Who writes this stuff? Enticing? Delectable? Where's Mae West when we need her? There has to be something wrong with a company that describes its computer colors as delectable, don't you think? When you see some guy pulling an iBook out of his backpack a few months from now, tell him his little computer looks delectable and see what he says.

Well I can't imagine anything too wrong with the use of the word delectable. Especially consider the same company is named after a piece of fruit, and has a best selling line of computers in fruit flavored colors. Also, owning an eMate I've had people describe it as everything from looking like a playschool toy, to being an incredible work of art (that one believe it or not from a die hard PC user!). Still this has never stopped my emate from being the best portable I've ever owned, with the longest battery life, most stable OS, best included apps, and simply rock solid durability. I think that's what people are going to see in the iBook as well. It features innovations in wireless communication, a long battery life, a compact, but user-friendly design, eMate quality durability, and the ease of Mac OS. (All of this not to mention that its processor runs as fast as my PRO G3 DESKTOP!)

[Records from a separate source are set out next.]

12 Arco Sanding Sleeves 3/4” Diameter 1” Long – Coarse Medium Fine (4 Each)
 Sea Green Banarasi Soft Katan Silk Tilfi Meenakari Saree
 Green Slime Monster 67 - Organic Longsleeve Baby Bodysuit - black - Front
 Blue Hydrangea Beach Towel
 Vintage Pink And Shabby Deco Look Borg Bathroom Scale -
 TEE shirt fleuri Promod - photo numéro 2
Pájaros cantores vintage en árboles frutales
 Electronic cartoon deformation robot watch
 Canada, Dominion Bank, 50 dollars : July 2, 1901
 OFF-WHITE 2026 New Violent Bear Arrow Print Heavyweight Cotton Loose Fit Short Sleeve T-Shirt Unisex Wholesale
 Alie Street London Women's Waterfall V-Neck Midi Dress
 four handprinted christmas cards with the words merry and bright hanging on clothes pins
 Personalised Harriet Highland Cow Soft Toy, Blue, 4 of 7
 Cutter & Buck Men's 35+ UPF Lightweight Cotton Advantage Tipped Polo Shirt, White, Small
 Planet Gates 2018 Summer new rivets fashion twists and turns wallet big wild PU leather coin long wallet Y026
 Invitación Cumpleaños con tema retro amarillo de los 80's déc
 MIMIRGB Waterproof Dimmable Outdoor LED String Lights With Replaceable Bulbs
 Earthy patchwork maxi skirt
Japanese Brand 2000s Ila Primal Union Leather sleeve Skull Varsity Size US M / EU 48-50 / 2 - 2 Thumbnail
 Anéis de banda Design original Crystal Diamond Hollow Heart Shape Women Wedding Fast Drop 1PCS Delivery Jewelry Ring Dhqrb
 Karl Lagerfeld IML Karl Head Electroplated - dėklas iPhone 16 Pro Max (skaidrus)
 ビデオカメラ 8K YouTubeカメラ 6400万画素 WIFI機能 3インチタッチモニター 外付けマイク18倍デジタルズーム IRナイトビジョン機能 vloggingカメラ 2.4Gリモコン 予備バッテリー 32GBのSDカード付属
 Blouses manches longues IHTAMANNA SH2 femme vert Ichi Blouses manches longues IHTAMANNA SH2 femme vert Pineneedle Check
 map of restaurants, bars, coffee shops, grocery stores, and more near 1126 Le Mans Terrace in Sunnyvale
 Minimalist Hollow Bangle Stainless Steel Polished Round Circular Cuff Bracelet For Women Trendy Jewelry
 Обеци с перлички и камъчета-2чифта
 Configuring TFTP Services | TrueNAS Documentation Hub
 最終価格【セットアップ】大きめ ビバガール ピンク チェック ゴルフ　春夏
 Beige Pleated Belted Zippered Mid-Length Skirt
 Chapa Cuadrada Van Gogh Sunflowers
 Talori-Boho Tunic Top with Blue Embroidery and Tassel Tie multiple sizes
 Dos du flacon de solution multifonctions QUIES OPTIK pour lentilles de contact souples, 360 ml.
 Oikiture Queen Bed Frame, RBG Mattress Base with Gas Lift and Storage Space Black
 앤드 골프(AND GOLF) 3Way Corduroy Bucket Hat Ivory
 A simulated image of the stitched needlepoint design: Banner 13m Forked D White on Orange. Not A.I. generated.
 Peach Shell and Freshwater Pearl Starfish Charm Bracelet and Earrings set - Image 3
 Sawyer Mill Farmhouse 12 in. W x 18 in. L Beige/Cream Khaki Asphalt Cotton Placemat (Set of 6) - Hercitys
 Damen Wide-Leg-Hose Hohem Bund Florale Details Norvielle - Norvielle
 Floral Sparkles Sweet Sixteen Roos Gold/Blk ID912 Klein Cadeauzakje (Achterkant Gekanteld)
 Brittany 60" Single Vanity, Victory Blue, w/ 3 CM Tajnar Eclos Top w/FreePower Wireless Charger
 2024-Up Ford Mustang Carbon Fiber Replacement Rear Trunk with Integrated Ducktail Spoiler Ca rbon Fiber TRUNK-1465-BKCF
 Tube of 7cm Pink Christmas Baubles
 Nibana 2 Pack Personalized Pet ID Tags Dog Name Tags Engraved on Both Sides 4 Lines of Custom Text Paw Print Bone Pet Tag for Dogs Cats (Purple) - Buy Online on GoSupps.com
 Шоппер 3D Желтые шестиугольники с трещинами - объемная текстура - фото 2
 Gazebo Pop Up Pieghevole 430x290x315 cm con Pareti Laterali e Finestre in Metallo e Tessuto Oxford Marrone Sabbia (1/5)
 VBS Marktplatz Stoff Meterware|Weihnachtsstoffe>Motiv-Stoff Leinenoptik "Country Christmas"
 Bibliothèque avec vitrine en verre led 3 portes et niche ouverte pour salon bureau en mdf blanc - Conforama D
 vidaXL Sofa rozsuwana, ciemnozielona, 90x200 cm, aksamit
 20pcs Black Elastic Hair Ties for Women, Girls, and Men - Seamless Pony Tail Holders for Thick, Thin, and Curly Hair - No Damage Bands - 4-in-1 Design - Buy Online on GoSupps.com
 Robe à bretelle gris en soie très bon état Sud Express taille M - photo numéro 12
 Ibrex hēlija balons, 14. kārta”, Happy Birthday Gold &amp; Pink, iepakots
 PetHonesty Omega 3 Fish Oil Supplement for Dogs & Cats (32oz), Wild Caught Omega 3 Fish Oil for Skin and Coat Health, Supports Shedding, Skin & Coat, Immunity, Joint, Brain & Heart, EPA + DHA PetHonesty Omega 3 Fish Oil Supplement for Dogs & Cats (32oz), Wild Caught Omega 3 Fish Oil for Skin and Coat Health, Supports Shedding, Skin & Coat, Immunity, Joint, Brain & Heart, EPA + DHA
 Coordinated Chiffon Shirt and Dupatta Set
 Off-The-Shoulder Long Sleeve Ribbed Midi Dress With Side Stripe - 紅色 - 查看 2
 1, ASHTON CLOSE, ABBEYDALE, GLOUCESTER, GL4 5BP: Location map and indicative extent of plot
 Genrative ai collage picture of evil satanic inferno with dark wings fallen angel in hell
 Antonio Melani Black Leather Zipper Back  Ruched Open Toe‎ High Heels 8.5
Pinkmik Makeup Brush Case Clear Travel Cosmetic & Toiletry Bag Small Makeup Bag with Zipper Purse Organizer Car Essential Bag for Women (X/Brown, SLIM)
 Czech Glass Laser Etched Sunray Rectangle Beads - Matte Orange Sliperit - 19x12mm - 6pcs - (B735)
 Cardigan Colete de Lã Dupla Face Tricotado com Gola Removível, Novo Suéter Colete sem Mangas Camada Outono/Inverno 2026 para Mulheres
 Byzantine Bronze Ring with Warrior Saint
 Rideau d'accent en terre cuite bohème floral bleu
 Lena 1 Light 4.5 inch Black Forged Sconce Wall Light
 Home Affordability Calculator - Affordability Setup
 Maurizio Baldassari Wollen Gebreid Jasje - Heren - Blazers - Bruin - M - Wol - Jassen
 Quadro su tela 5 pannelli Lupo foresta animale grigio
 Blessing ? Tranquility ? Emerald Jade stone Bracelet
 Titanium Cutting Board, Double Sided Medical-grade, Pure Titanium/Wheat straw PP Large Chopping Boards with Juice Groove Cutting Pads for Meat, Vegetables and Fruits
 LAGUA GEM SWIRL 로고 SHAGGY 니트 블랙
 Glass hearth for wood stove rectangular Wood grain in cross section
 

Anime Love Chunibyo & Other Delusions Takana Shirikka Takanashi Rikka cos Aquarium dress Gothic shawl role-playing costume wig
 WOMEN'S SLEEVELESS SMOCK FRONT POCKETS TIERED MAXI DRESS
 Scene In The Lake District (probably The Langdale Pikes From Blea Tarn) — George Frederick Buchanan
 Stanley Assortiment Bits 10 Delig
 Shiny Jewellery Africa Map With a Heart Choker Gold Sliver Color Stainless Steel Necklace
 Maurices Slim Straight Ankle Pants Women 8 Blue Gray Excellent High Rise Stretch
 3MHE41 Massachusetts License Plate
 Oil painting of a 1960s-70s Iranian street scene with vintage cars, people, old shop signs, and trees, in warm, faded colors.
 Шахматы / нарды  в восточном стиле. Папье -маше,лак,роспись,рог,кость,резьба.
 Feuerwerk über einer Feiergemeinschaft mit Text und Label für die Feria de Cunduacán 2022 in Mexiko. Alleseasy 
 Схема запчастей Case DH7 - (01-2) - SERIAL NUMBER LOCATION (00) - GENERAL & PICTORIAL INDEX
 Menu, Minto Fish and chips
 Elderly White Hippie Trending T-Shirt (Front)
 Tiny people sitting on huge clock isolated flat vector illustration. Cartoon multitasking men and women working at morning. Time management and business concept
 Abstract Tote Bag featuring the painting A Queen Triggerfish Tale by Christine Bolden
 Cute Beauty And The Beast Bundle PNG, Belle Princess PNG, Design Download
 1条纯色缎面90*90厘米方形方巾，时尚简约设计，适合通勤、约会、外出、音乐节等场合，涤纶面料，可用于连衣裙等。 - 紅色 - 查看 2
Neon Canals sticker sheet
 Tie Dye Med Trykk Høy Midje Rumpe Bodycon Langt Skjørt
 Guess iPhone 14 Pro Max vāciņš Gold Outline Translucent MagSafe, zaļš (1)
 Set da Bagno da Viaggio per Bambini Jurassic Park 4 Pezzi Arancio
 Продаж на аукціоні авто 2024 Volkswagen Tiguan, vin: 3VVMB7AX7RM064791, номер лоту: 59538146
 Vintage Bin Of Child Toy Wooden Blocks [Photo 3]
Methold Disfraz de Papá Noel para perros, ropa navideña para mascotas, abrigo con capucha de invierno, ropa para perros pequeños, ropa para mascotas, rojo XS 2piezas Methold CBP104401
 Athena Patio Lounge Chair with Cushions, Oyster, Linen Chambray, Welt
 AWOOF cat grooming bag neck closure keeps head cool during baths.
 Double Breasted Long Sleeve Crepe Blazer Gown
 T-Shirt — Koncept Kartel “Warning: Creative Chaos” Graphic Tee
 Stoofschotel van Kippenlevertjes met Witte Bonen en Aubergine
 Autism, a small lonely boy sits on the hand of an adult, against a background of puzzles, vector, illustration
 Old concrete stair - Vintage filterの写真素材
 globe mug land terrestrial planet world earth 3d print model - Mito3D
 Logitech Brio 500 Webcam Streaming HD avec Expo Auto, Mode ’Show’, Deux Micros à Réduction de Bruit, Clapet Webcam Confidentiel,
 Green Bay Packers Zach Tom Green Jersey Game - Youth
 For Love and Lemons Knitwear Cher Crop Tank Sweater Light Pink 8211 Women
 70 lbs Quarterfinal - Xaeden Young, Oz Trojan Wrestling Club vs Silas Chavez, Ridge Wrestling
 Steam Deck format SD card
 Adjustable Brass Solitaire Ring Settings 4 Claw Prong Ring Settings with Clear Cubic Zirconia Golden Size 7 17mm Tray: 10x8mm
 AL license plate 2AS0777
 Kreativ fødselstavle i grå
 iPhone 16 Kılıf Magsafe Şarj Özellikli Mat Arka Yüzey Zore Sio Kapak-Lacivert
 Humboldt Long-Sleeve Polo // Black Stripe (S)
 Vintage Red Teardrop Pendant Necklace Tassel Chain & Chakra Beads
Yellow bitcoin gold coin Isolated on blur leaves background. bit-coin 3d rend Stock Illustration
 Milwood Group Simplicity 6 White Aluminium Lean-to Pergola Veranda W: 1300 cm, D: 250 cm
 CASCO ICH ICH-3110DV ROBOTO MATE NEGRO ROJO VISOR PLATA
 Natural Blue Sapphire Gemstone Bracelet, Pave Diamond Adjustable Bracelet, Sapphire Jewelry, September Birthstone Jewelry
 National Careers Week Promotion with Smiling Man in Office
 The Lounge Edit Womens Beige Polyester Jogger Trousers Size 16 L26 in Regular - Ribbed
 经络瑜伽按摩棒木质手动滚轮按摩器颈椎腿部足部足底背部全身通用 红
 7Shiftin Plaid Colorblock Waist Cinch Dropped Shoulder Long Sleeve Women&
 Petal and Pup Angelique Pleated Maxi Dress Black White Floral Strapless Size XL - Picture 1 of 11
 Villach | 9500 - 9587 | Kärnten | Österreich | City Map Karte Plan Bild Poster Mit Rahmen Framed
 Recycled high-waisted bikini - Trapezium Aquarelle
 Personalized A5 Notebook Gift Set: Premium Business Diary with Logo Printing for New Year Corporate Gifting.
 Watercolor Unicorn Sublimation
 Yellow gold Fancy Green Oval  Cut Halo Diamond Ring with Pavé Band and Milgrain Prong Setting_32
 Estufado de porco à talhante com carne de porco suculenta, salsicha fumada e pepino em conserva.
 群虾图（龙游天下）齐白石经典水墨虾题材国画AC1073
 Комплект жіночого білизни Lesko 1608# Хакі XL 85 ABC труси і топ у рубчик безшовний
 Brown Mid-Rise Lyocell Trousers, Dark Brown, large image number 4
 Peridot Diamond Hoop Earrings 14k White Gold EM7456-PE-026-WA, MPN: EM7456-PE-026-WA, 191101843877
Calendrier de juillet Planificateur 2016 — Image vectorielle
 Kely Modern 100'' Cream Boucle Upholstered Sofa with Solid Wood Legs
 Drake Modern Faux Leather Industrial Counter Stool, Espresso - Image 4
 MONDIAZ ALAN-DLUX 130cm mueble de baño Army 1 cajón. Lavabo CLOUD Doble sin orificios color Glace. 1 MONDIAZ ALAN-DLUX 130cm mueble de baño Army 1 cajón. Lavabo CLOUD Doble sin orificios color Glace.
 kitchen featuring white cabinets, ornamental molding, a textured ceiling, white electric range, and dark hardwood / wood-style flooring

The iBook is only a disaster waiting to happen if you're a PC vendor touting the increasingly slower and hotter Pentium chips. For the K-12, college, and even business markets the computer has all the markings of a winner. Would it be smart of Apple to ship a more conservative color for the business executive who doesn't want to stick out? Sure, but that hardly disqualifies the machine's consumer potential. It seems to me Dvorak's biggest problem is that the computer does everything it should. It's a consumer-oriented machine, and Dvorak simply isn't a consumer, and is out of touch with their needs. Apple made its cash of the education and consumer markets and I somehow thin their R&D labs know a bit more what that market wants than Dvorak who is the first person I've heard of to mistake anything over 3 inches in diameter to be a compact makeup container. I have actually seen Dvorak decent articles, and personally feel he'd be better writing what he knows. Apple has blown away the rest of the personal computer industry and ran circles around the biggies in the industry as they are taken out at the knees by cheap PCs. Yet Apple hasn't lost a single sale to them, or if they have it hasn't hurt 'em. Apple knows what their doing; the iBook looks great and the target market knows it, and its going to be a huge success. Let's just hope that no one has to bother crabby old machismo John Dvorak with the news; he'll be far to busy with his "magic math box", beer, and aging frat pals.